• [Data supplied]:
※

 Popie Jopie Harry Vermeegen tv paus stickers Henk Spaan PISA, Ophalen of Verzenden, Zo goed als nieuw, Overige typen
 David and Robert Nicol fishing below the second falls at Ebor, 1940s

※

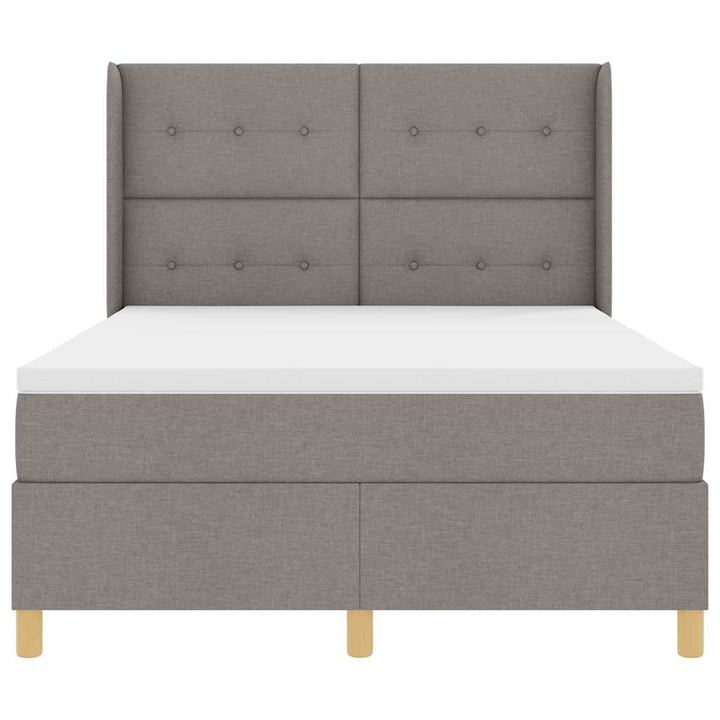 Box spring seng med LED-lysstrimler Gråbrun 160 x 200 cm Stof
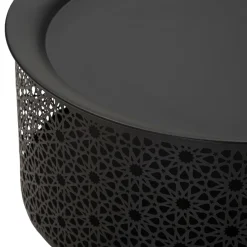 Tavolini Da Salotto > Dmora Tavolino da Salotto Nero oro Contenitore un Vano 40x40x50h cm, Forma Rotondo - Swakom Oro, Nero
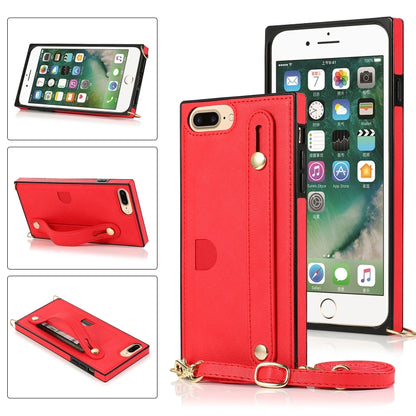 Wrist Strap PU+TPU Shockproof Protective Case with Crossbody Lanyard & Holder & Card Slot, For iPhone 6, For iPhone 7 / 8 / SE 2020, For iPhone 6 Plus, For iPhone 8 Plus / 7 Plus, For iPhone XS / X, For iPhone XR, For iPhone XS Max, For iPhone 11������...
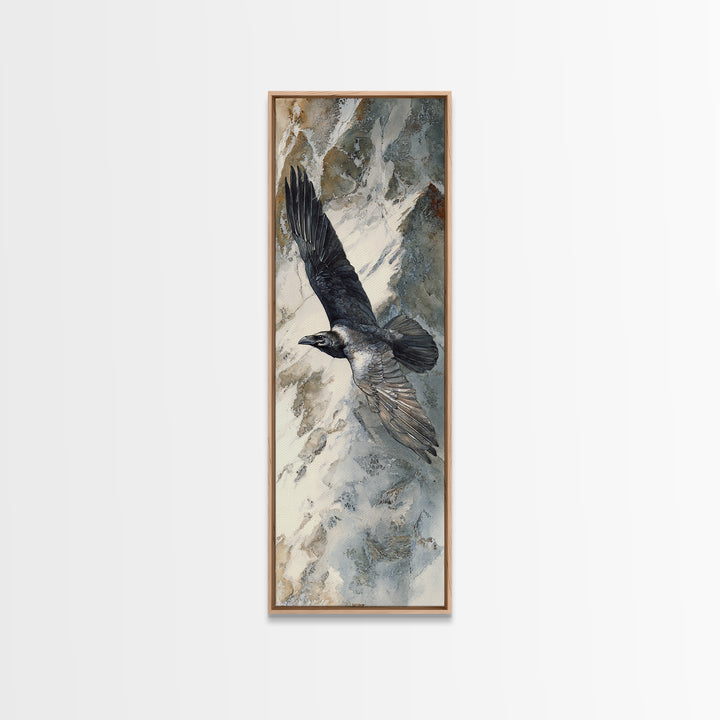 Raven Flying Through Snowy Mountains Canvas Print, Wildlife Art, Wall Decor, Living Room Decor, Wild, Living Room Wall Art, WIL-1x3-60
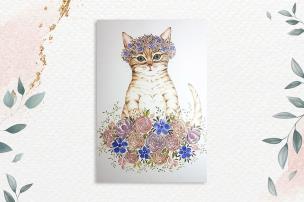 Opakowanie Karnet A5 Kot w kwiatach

※

Lines wanted from the entries above: the one with "Wrist Strap PU+TPU", the one with "Opakowanie Karnet A5 Kot w kwiatach", and all lines between. Please copy them exactly, without the pictures and without anything else.

• [Answer box]:
 Wrist Strap PU+TPU Shockproof Protective Case with Crossbody Lanyard & Holder & Card Slot, For iPhone 6, For iPhone 7 / 8 / SE 2020, For iPhone 6 Plus, For iPhone 8 Plus / 7 Plus, For iPhone XS / X, For iPhone XR, For iPhone XS Max, For iPhone 11������...
 Raven Flying Through Snowy Mountains Canvas Print, Wildlife Art, Wall Decor, Living Room Decor, Wild, Living Room Wall Art, WIL-1x3-60
 Opakowanie Karnet A5 Kot w kwiatach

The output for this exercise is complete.